The SciPy package provides a Ordinary Least Squares linear regression function called linregress(). We can use that to estimate the model parameters from our data.


In [44]:
from scipy.stats import linregress
Beta, Beta0, r, p, stde = linregress(chicken_data.Year, chicken_data.Probability)

print '^Beta:', Beta
print '^Beta_0:', Beta0
print 'r-squared:', r*r
print 'p:', p

plt.scatter(chicken_data.Year, chicken_data.Probability)    
plt.plot(chicken_data.Year, Beta0 + Beta*chicken_data.Year)    # Array math!
plt.ylim(chicken_data.Probability.min(), chicken_data.Probability.max())    
plt.xlim(chicken_data.Year.min(), chicken_data.Year.max())

plt.ylabel('$\\hat{p}(\'chicken\'|year)$')
plt.show()    # Render the figure.


^Beta: -2.38956045956e-05
^Beta_0: 0.0481885497774
r-squared: 0.676091199243
p: 0.00350319816755

At first pass, our linear model looks like a remarkably good fit. Our r-squared value is not too bad, and we have a very low p value. The problem with interpreting that p-value, however, is that data derived from texts rarely satisfy the assumptions of the t-test used to assess significance. Aside from the fact that we have very few "observations", does the distribution of Y values (token probabilities) shown below look normally distributed to you?


In [45]:
plt.hist(chicken_data.Probability)
plt.show()


We need to use an hypothesis test that does not assume normality, and can handle the small sample size. One such approach is a permutation test.

Our null hypothesis is that:

$H_0: \beta = 0$

That is, that there is no change in the probability of our token (chicken, in this case) over time.

We will shuffle our response variable, $Y$, a whole bunch of times.

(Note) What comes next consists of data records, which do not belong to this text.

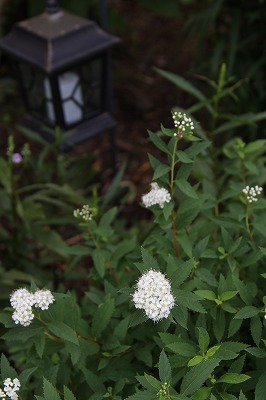 a0123003_14583136.jpg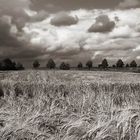 Vor dem Sturm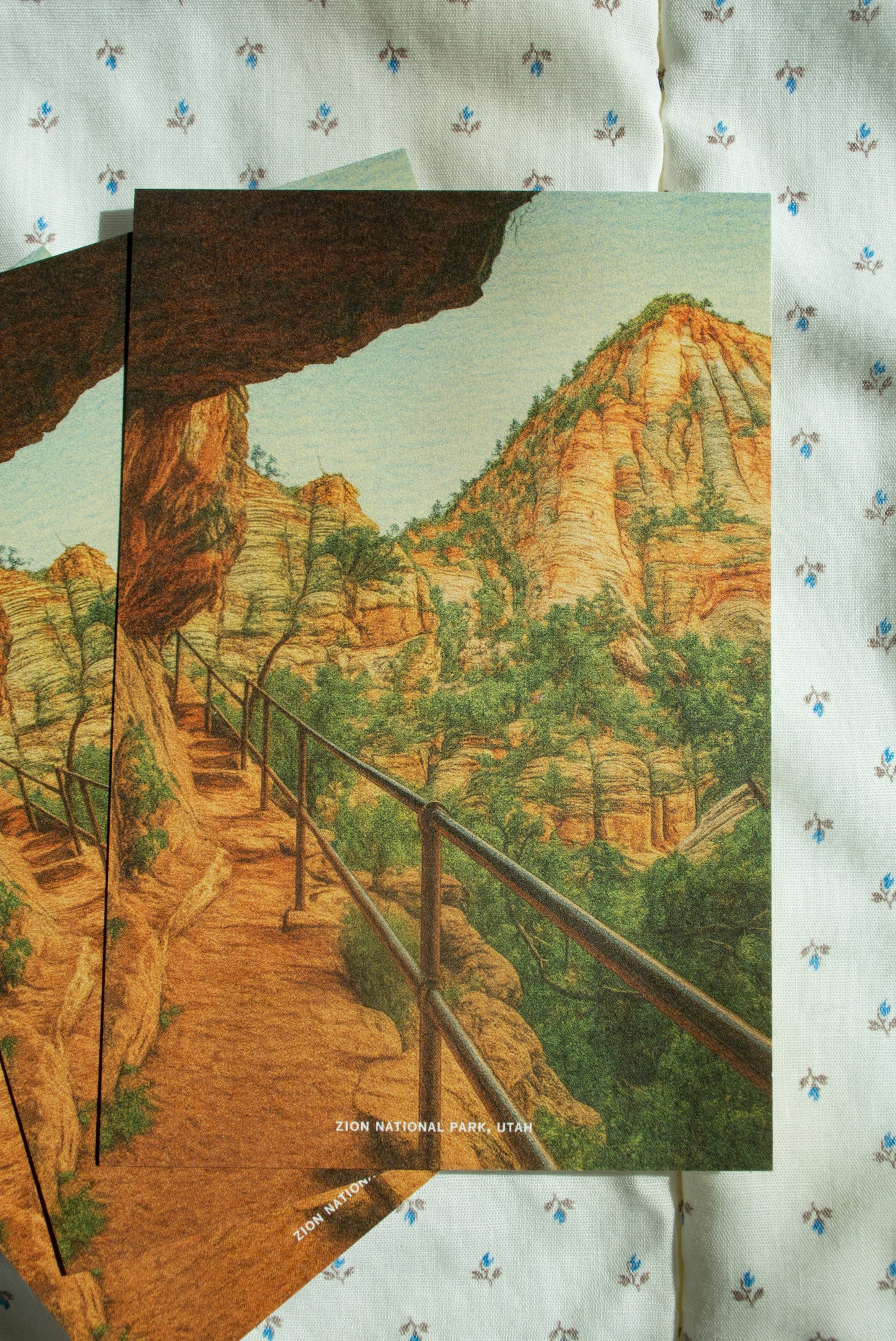 Vintage Inspired Film 4x6 Postcards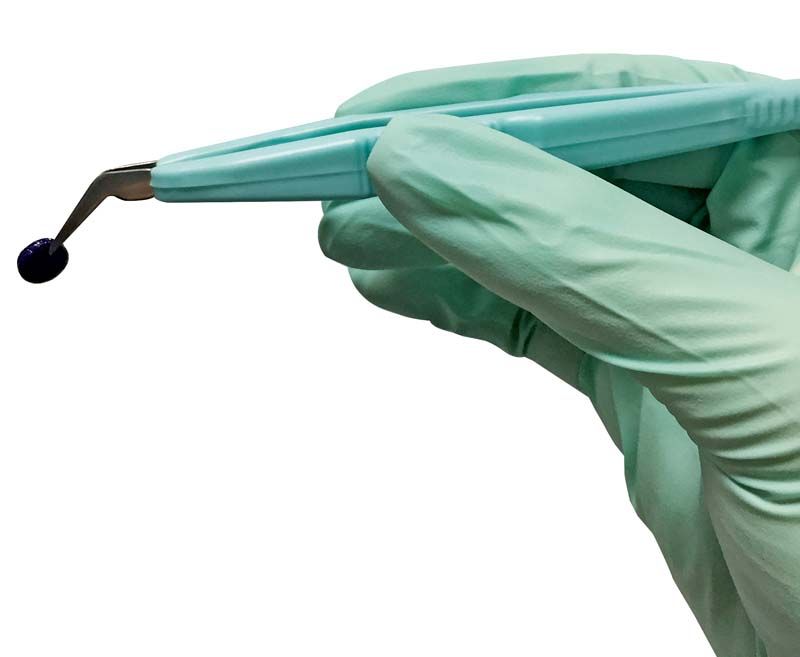 Grüner Handschuh hält Plaquetest-Mini-Schwamm mit Dentalinstrument.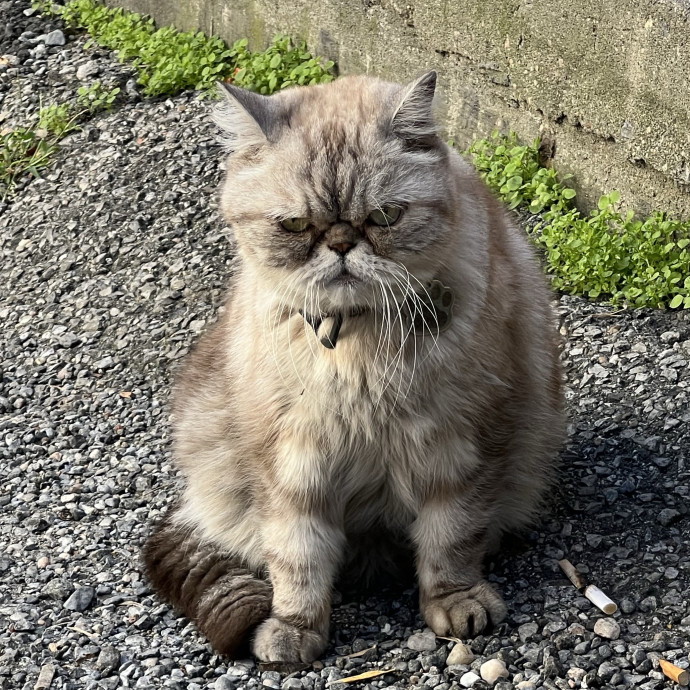 Cat Lover Listener Empathy-Based Care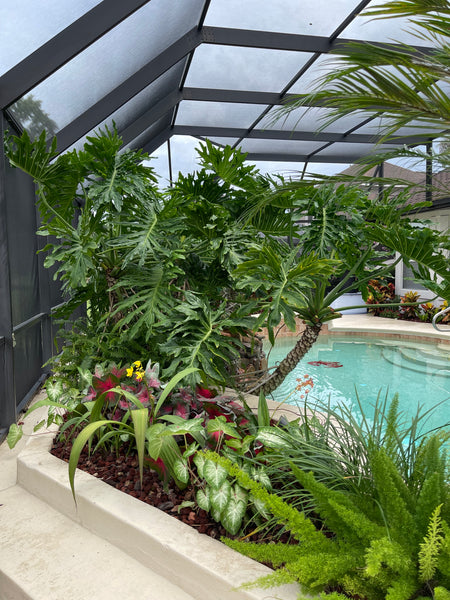 Landscape Maintenance Consultation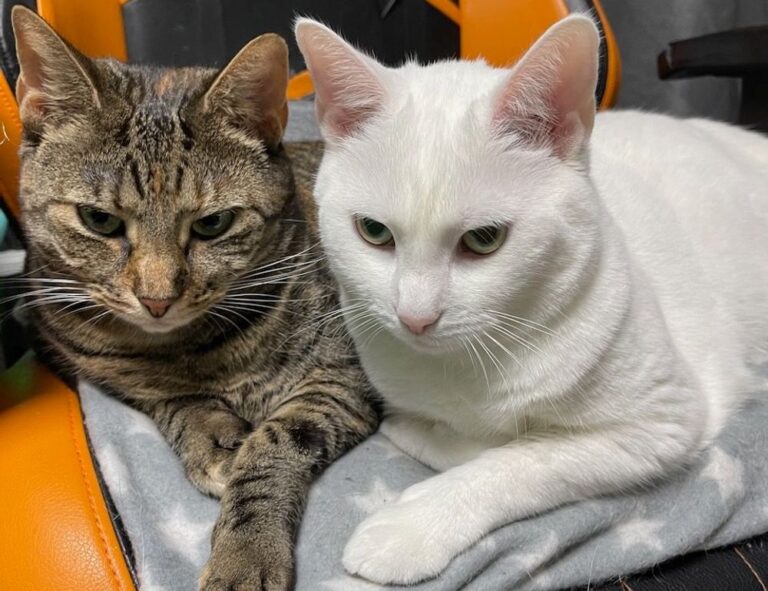 how to install updates scookiepad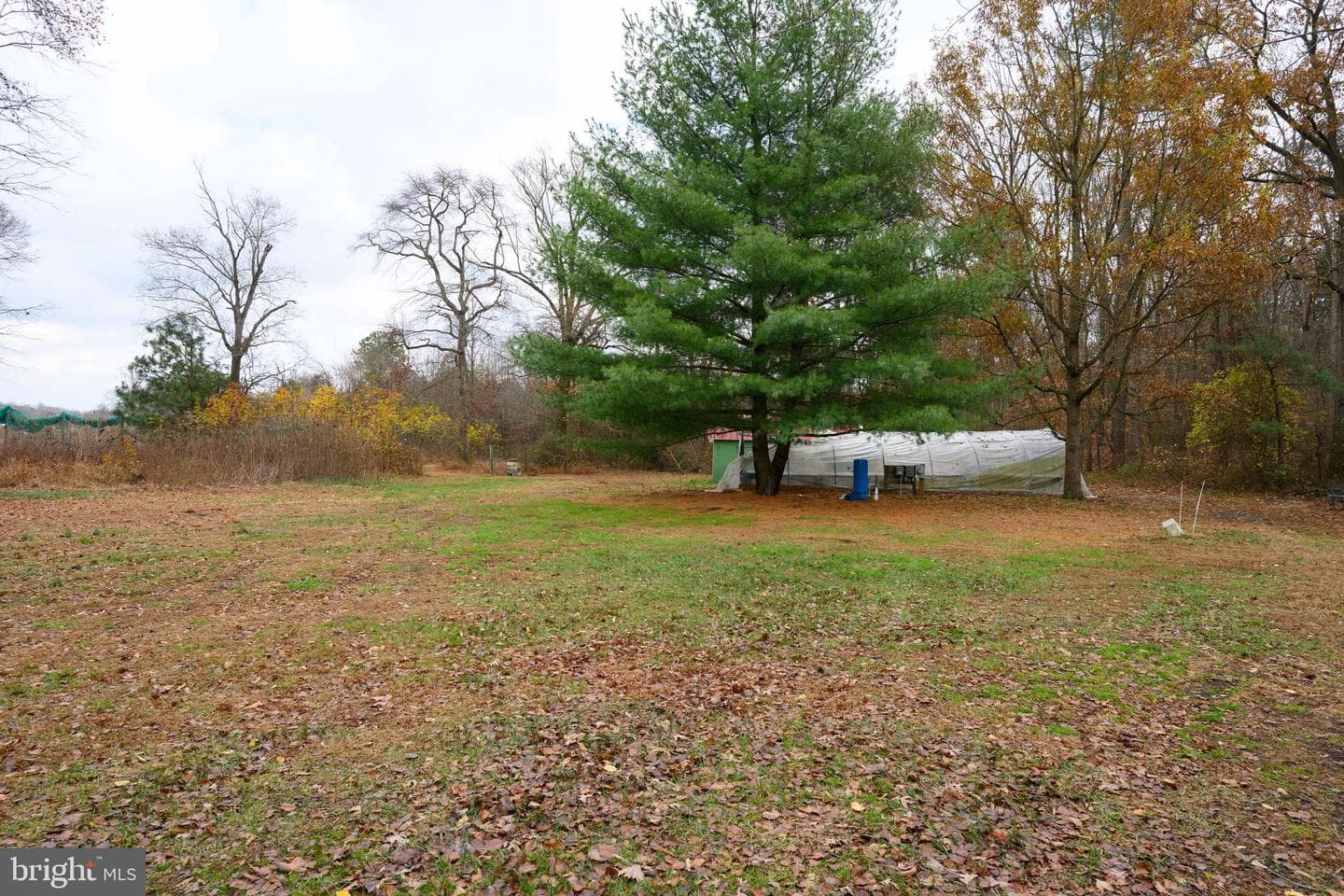 24029 Meadows Drive photo 39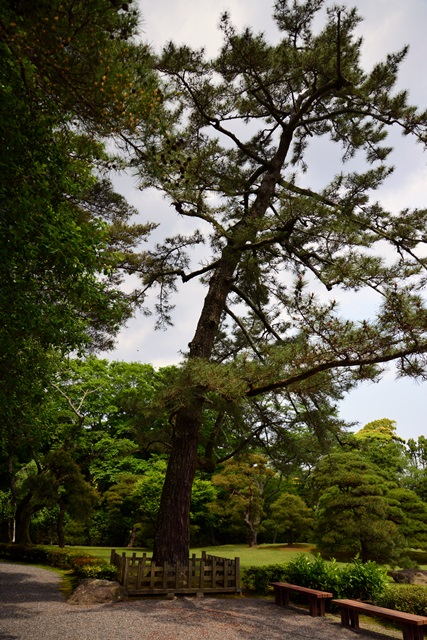 f0373905_15274235.jpg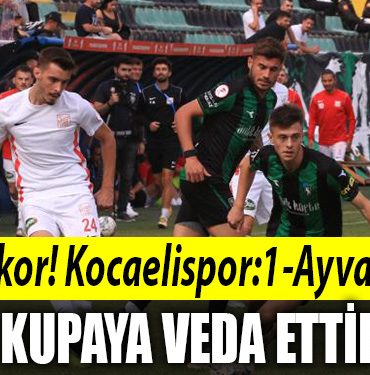kocaelissfds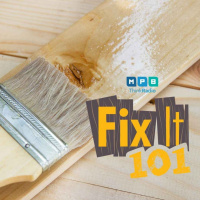 Fix It 101 | Shellac Tales
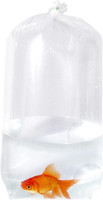 Fischereibeutel, 12,7 X 10,2 X 40,6 Cm, Auslaufsicher, Flacher Boden, Transparen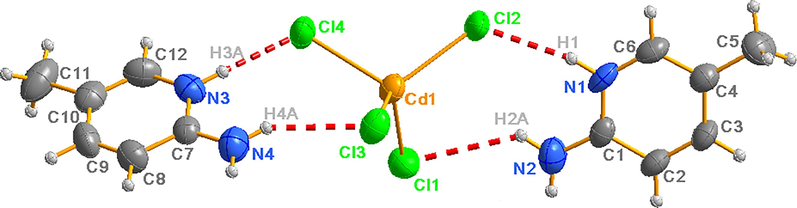 ORTEP (ellipsoids drawn at the 50 % probability level) representation of the asymmetric unit of (C6H9N2)2[CdCl4] with an atom-labeling scheme. Hydrogen atoms are depicted as spheres with arbitrary radii. Red dashed lines denote hydrogen bonds.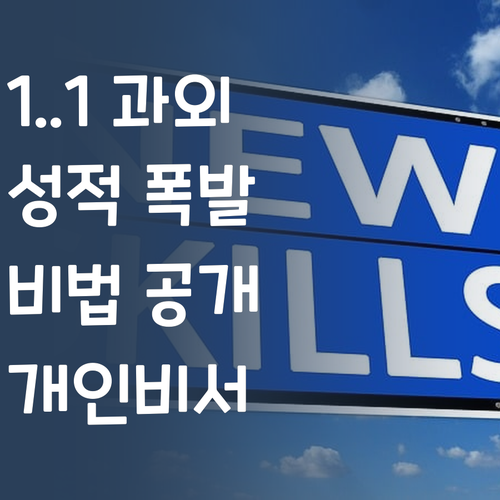 화상과외, 1:1 개인비서급?! 고등 사회 성적 폭발 비법 공개!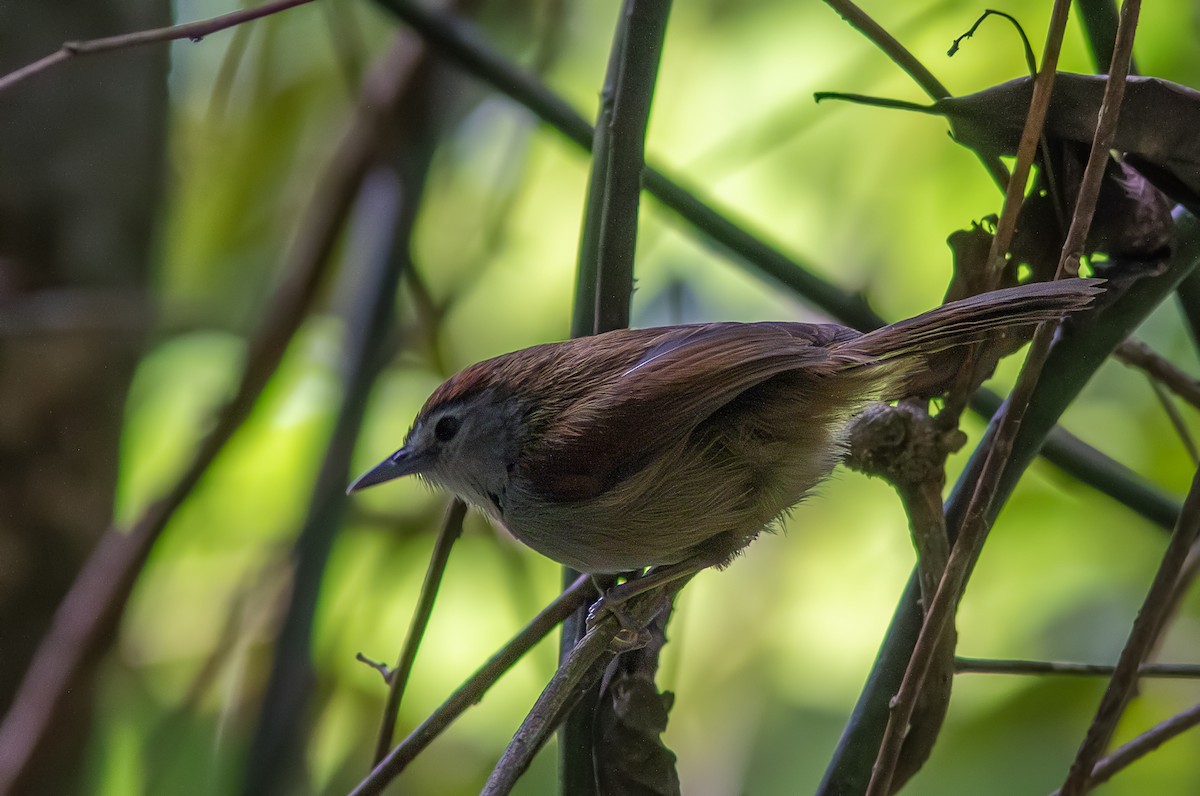 Crescent-chested Babbler - ML611570472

Each time we shuffle the data (a permutation), we will re-calculate the regression parameter $\beta_{\pi}$. We can reject $H_0$ with a confidence of $p = 0.05$ iff our observed $\hat{\beta}$ falls outside the inner 95% of the resampled distribution.


In [65]:
import numpy as np

In [47]:
# We can use underscores `_` for values that we don't want to keep.
samples = pd.DataFrame(columns=['Beta_pi', 'Beta0_pi'])
for i in xrange(1000):
    shuffled_probability = np.random.permutation(chicken_data.Probability)
    # linregress() returns five parameters; we only care about the first two.
    Beta_pi, Beta0_pi, _, _, _ = linregress(chicken_data.Year, shuffled_probability)
    samples.loc[i] = [Beta_pi, Beta0_pi]

In [48]:
plt.figure(figsize=(10, 5))

plt.subplot(121)
plt.hist(samples.Beta_pi)    # Histogram of Beta values from permutations.
plt.plot([Beta, Beta], [0, 200],     # Beta from the observed data.
         lw=5, label='$\\hat{\\beta}$')

# Plot the upper and lower bounds of the inner 95% probability.
Beta_upper = np.percentile(samples.Beta_pi, 97.5)
Beta_lower = np.percentile(samples.Beta_pi, 2.5)
plt.plot([Beta_upper, Beta_upper], [0, 200], color='k', lw=2, label='$p = 0.05$')
plt.plot([Beta_lower, Beta_lower], [0, 200], color='k', lw=2)

plt.legend()
plt.xlabel('$\\beta_{\\pi}$', fontsize=24)

# Same procedure for Beta0.
plt.subplot(122)
plt.hist(samples.Beta0_pi)
plt.plot([Beta0, Beta0], [0, 200], lw=5, label='$\\hat{\\beta_0}$')

Beta0_upper = np.percentile(samples.Beta0_pi, 97.5)
Beta0_lower = np.percentile(samples.Beta0_pi, 2.5)
plt.plot([Beta0_upper, Beta0_upper], [0, 200], color='k', lw=2, label='$p = 0.05$')
plt.plot([Beta0_lower, Beta0_lower], [0, 200], color='k', lw=2)

plt.legend()
plt.xlabel('$\\beta_{0\\pi}$', fontsize=24)
plt.tight_layout()
plt.show()


As we can see from the plots above, our $\hat{\beta}$ calculated from the observed data falls outside the inner 95% of the samples, and so we can reject $H_0$: the term chicken is decreasing in prevalance over time.